After office hour discussions, I am going to focus on the polygons (turfs).  Attributes are the same for each so ...  
I have no idea why there are more office locations then turfs.  The answer to that question is for another day!

# CRS

Since the ultimate objective is integration with other spatial datasets we need to understand the projection.  It is important for any spatial operations, i.e. joining, area/distance computations, ...

In [None]:
turfs_gdf.crs

Simple idiom to embed an iframe with external resource.

Here's a description of the crs.  Note that the units for this projection are meters.

In [None]:
IFrame("http://epsg.io/26918", width=1200, height=800)

# Dataframe Info

This section will look at the attributes.  

At first look, I wonder why all those attributes are encoded as float64. Is it an esri thing? I don't usually worry about sizes but ...

**Note:** Only looking at turfs for now.

**Note-to-self:** Can you make this more efficient?

In [None]:
turfs_gdf.info(verbose=True, show_counts=True)

Lot's-o-variables here.  I wasn't sure how to deal with them at first.  During office hours Lindsay suggested I look at the [survey](https://www.nrs.fs.fed.us/STEW-MAP/resources/downloads/STEW-MAP%20NYC%202017%20Survey.pdf).  That definitely helped my understanding!

Check out the dtypes.  I see two attributes with int64 dtype.  The rest are either strings (object) or floats.  Will probably make sense to revisit and remap these dtypes.

**Note:** A slight digression, but something I realized further in the process.  According to the data dictionary, PopID is the unique ID.  Is it?

In [None]:
turfs_gdf.PopID.is_unique

Hummm...

# Visualize

Finally, I like to see what's in the dataset.  This is not meant to be detailed mapping, just to get situated.  Let's look at two visualizations:

  1. the .plot function (matplotlib based)
  2. .explore method that is folium based

**Note-to-self:** I've created a subset but that doesn't seem to help.  Is it something about the geometries that slows it down?  Worth understanding.

In [None]:
explore_gdf = turfs_gdf[['OrgName', 'OrgWebSite', 'OrgTwitter', 'geometry']].reset_index().drop(columns=['index'])

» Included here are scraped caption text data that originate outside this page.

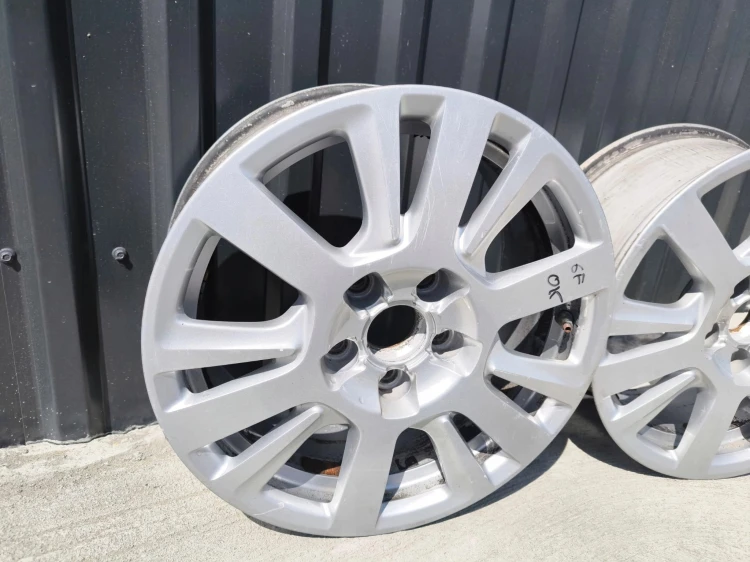 FELGA FELGI VW AUDI A3 A4 A6 ITP 7.0J R16 ET42 4F0601025CF *6F*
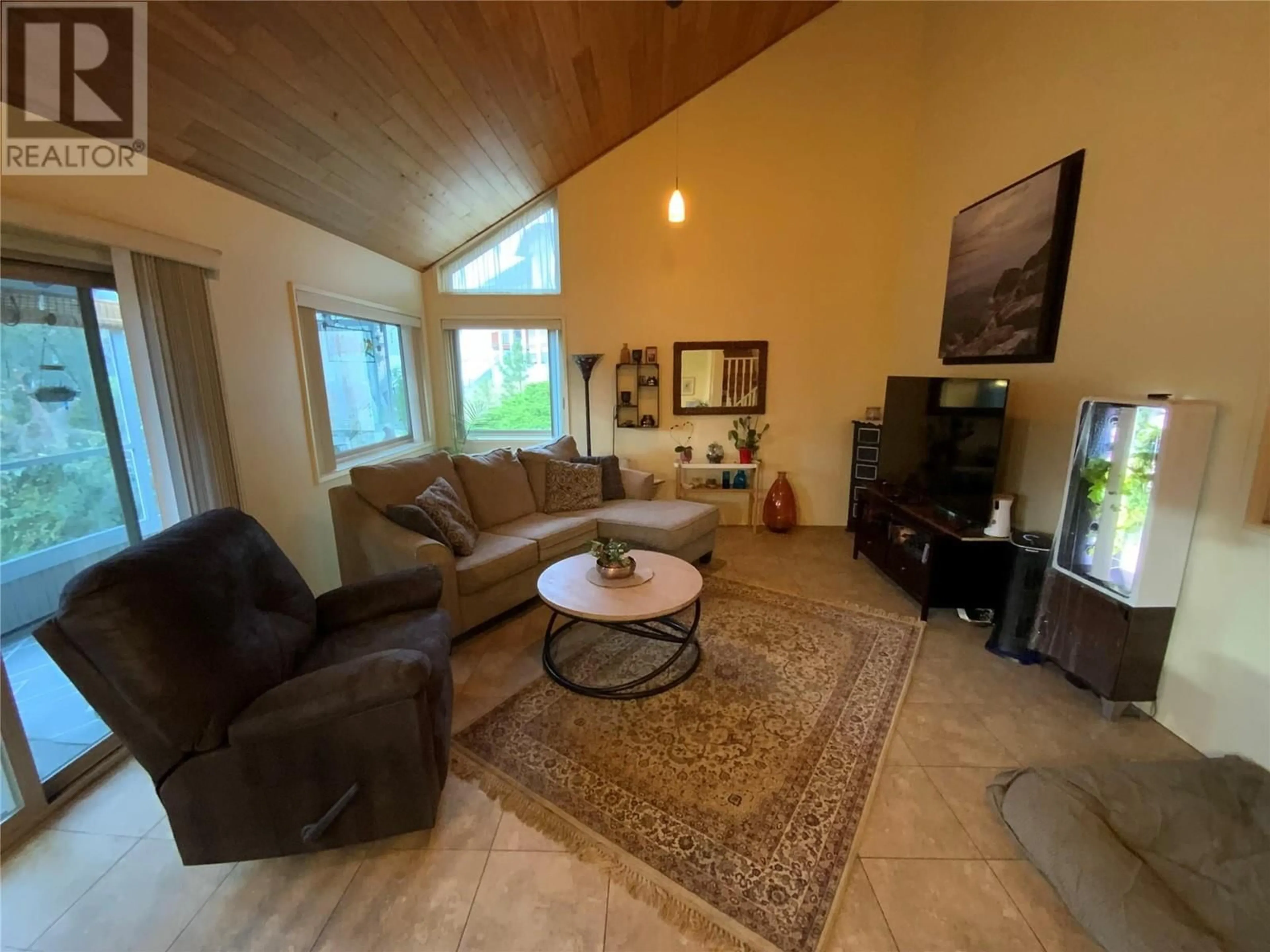Living room with furniture, unknown for 186 DEWDNEY CRESCENT, Penticton British Columbia V2A7Z6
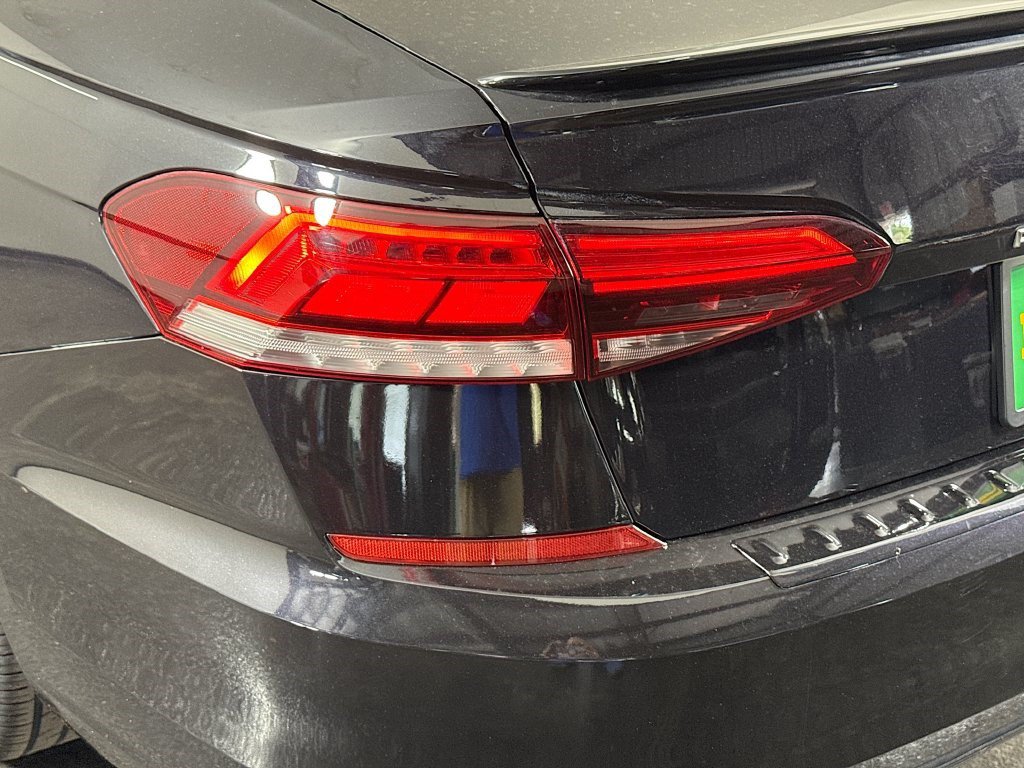 Used 2020 Volkswagen Passat 2.0T R-Line FWD image 35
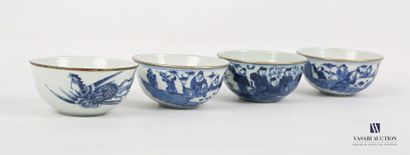 null 
Chine pour le Vietnam, fin XIXe - Quatre bols cerclés de métal en porcelaine...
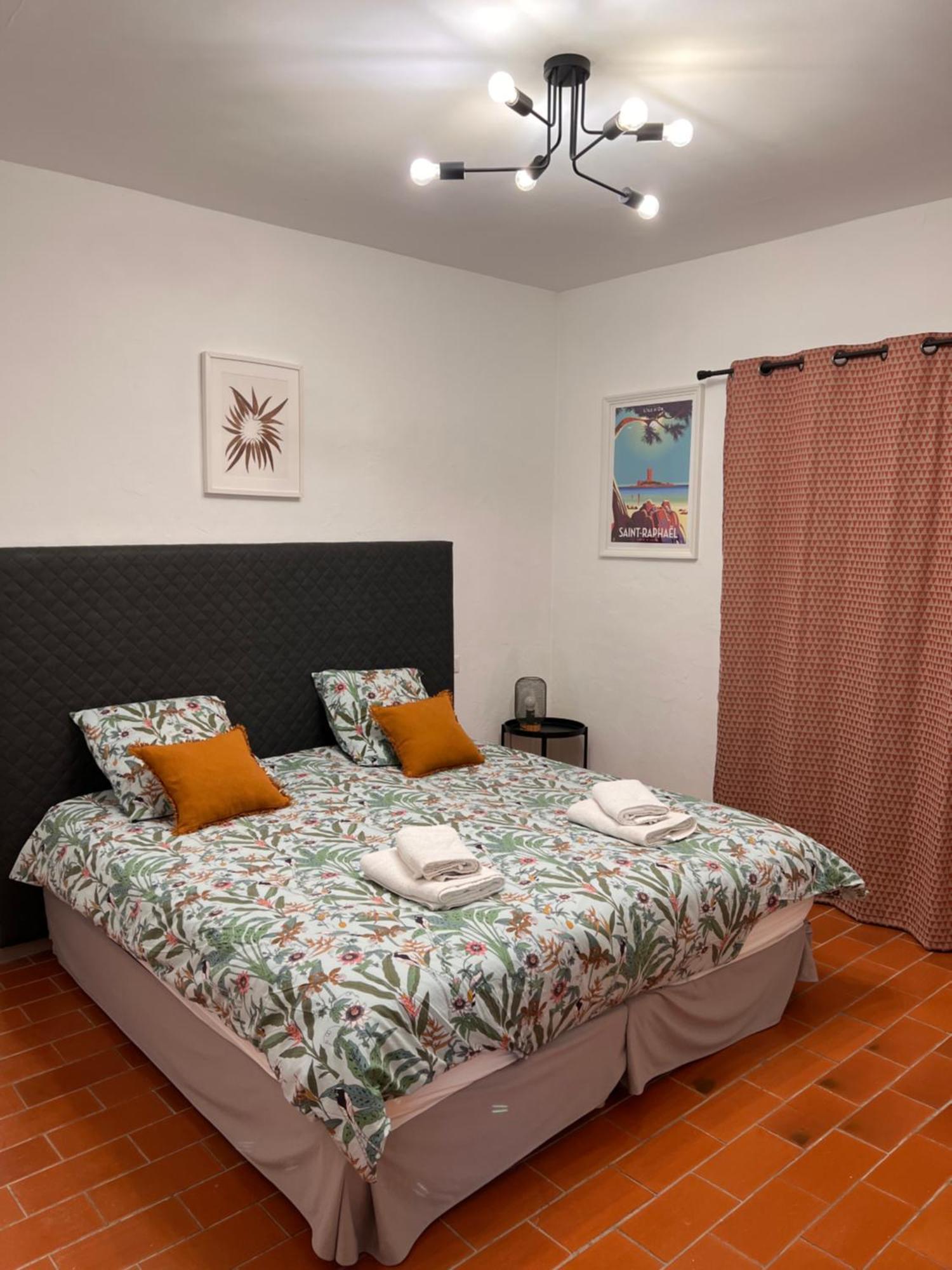 Simone, Appartement Maison, Quartier Calme, Grande Terrasse, Spa, Barbecue, 2 Chambres Fréjus Buitenkant foto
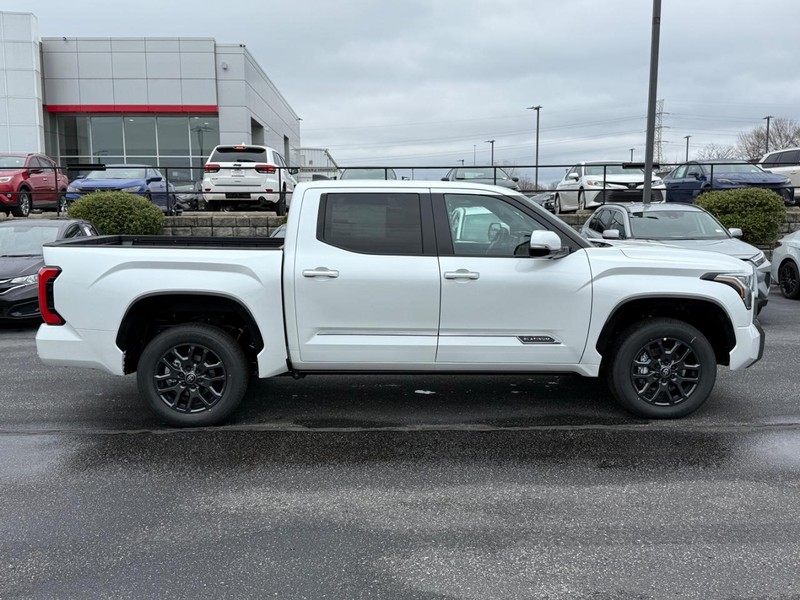 Toyota Tundra 4WD Vehicle Image 02
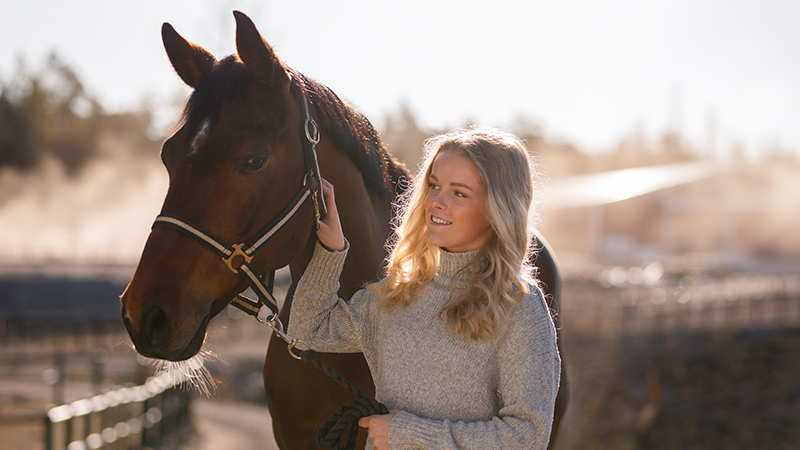 Tjej med häst.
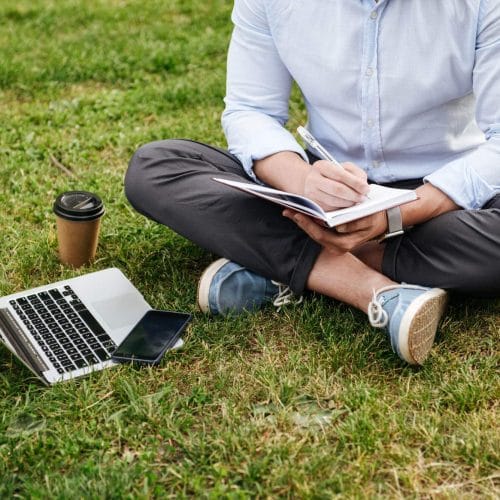 Trabalhar online como freelancer em Portugal - pessoa a trabalhar no computador num jardim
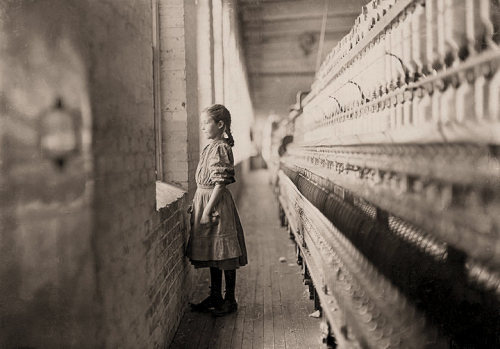 • Lewis Hine •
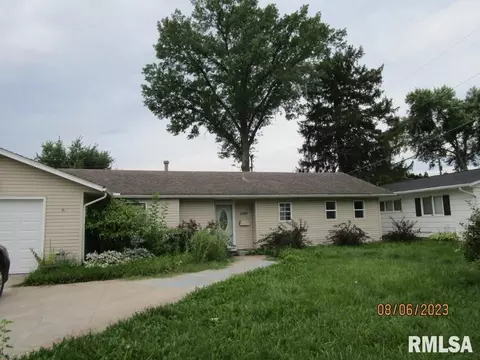 1507 Bellevue Ave, Bettendorf, IA 52722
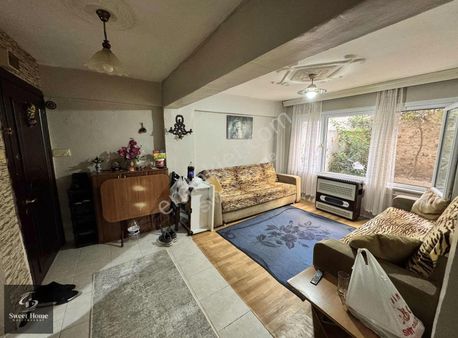 Samatya'da Hastane Ve Sahil Dibinde 2+1 Bahçeli Satılık Daire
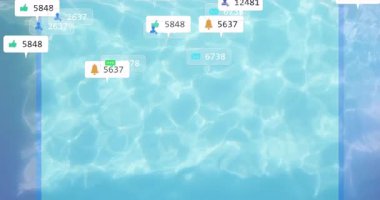 Havuzda yüzmek, sosyal medya tebligatlarının animasyonunu yapan kişi. teknoloji, bağlantı, dijital, etkileşim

Note I'm reprojecting so the axis labels make some sense (lat/long).

In [None]:
explore_gdf.to_crs("epsg:4326").plot(figsize=(18, 14));

Now we can look at the polygons with a map background.

In [None]:
%%time
explore_gdf.explore(
    column='OrgName', 
    tooltip=['OrgName', 'OrgWebSite', 'OrgTwitter'],
    popup=True, 
    legend=False,
    width=1000,
    tiles="CartoDB positron", 
    cmap="Set1", 
    style_kwds=dict(color="black") 
    )

# Attribute Analysis

This last section will explore the attributes.  Remember the variables are best understood via the [survey](https://www.nrs.fs.fed.us/STEW-MAP/resources/downloads/STEW-MAP%20NYC%202017%20Survey.pdf).  Ultimately I need to develop "tools" to help fuse with other nyc datasets.

The first attribute is the `primary site type`, the one site type you work at the most.

I'll use the value_counts method to simply get the count of unique values.  You can plot as bar chart, but I just look at the numbers.  You can also normalize the count if you want percentages of total unique values.

In [None]:
turfs_gdf.PrimST.value_counts()

Now we can look at `Primary Focus`.

In [None]:
turfs_gdf.PrimFocus.value_counts()

One observation on the data are the fields with no value but they have a count.  Of course this type of thing happens in the real world.  You need to decide how to deal with it (infer, delete, exclude, ...)

Being curious I tried something -

In [None]:
len(turfs_gdf.query(f"PrimST == ' '"))

In [None]:
len(turfs_gdf.query(f"PrimFocus == ' '"))

So it seems like the `missing` value is just a blank character.  This might be important later, we'll defer for now.

Next I'll look at the organizations by state, zip, and city.

Remember I'm trying to understand how to build subsets of the data!

In [None]:
turfs_gdf.OrgState.value_counts()

In [None]:
turfs_gdf.OrgZip.value_counts()

In [None]:
turfs_gdf.OrgCity.value_counts()[:20]

Now I'd like to start drilling into the data a bit.

For example the most selected PrimFocus was Environment.

In [None]:
environment_turfs_gdf = turfs_gdf.query(f"PrimFocus == 'Environment'").reset_index().drop(columns=['index'])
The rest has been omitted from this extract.